Their argument, which we agree is correct, is that the ICE practice will corrode years of police efforts to build trust in the immigrant communities. Crime victims and witnesses will be less likely to cooperate with police.
That is why local law enforcement (other than county jails that permit federal immigration agents to check their log of prisoners for people to deport) no longer enforces immigration laws.
The CHP has a strong relationship with the Latino community dating back to its launch of the El Protector (The Protector) program.
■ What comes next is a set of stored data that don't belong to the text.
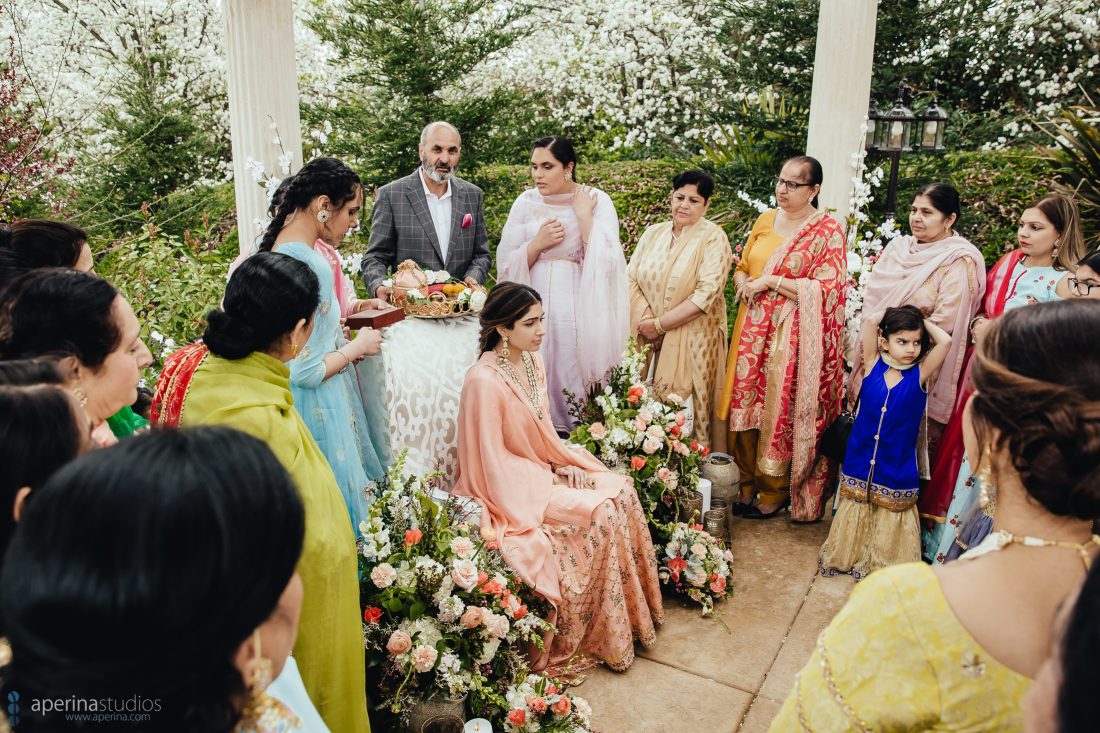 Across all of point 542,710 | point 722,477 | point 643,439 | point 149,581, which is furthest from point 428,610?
point 722,477

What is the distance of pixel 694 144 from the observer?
36.1ft

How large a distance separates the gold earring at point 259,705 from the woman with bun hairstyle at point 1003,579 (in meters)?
0.93

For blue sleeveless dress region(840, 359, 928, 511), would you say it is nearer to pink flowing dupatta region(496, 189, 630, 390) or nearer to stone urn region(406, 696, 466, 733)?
pink flowing dupatta region(496, 189, 630, 390)

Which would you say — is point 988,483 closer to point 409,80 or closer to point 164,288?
point 164,288

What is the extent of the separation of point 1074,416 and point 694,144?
10.2 metres

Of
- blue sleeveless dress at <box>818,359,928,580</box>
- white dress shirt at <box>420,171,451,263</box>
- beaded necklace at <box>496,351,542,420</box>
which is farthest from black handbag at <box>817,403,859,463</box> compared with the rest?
white dress shirt at <box>420,171,451,263</box>

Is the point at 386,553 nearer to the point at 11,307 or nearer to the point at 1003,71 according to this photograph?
the point at 11,307

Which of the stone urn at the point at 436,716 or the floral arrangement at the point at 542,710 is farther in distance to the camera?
the floral arrangement at the point at 542,710

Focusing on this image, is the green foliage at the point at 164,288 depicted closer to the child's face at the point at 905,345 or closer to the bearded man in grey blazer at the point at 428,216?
the bearded man in grey blazer at the point at 428,216

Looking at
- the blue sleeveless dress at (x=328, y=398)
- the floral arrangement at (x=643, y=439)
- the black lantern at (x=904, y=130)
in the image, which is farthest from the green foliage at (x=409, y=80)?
the blue sleeveless dress at (x=328, y=398)

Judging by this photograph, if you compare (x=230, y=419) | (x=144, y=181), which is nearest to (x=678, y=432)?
(x=230, y=419)

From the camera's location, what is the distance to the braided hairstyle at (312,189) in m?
3.27

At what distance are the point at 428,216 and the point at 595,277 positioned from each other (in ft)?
3.39

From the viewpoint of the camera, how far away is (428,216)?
4703mm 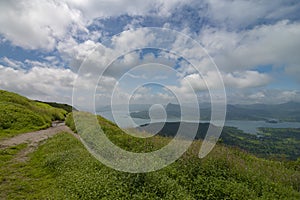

Police Activity Leagues (PAL) reach out to children in all communities to strengthen bonds in the community and, perhaps, prevent youth from going down the wrong path.
ICE spokeswoman Sarah Rodríguez told CNN that police is “the universally recognized term for law enforcement.”
“Our personnel routinely interact with individuals from around the world,” said Rodríguez. “In the often dangerous law enforcement arena, being able to immediately identify yourself as law enforcement may be a life-or-death issue.”
We disagree. The CHP and sheriff’s office do not identify themselves as “police” to get a person’s attention. Neither do the FBI or the federal Bureau of Alcohol, Tobacco, Firearms and Explosives (ATF).
For ICE agents to steal the “police” use from local law enforcement is disingenous.
We support legislation by Congresswoman Nydia M. Velázquez, D-New York, that would bar ICE agents and officers from wearing clothing that uses the label “police.” The proposal would also cover U.S. Customs and Border Protection officers and agents.
Velázquez calls the current practice “deceptive.”
“It could trick families into opening their doors to agents from ICE without a warrant,” she told the Washington Post. “There’s not going to be a lot of trust between the police and communities.”
We doubt the bill will pass in a Republican-controlled Congress in support of President Donald J. Trump’s immigration crackdown. But, kudos to Velázquez.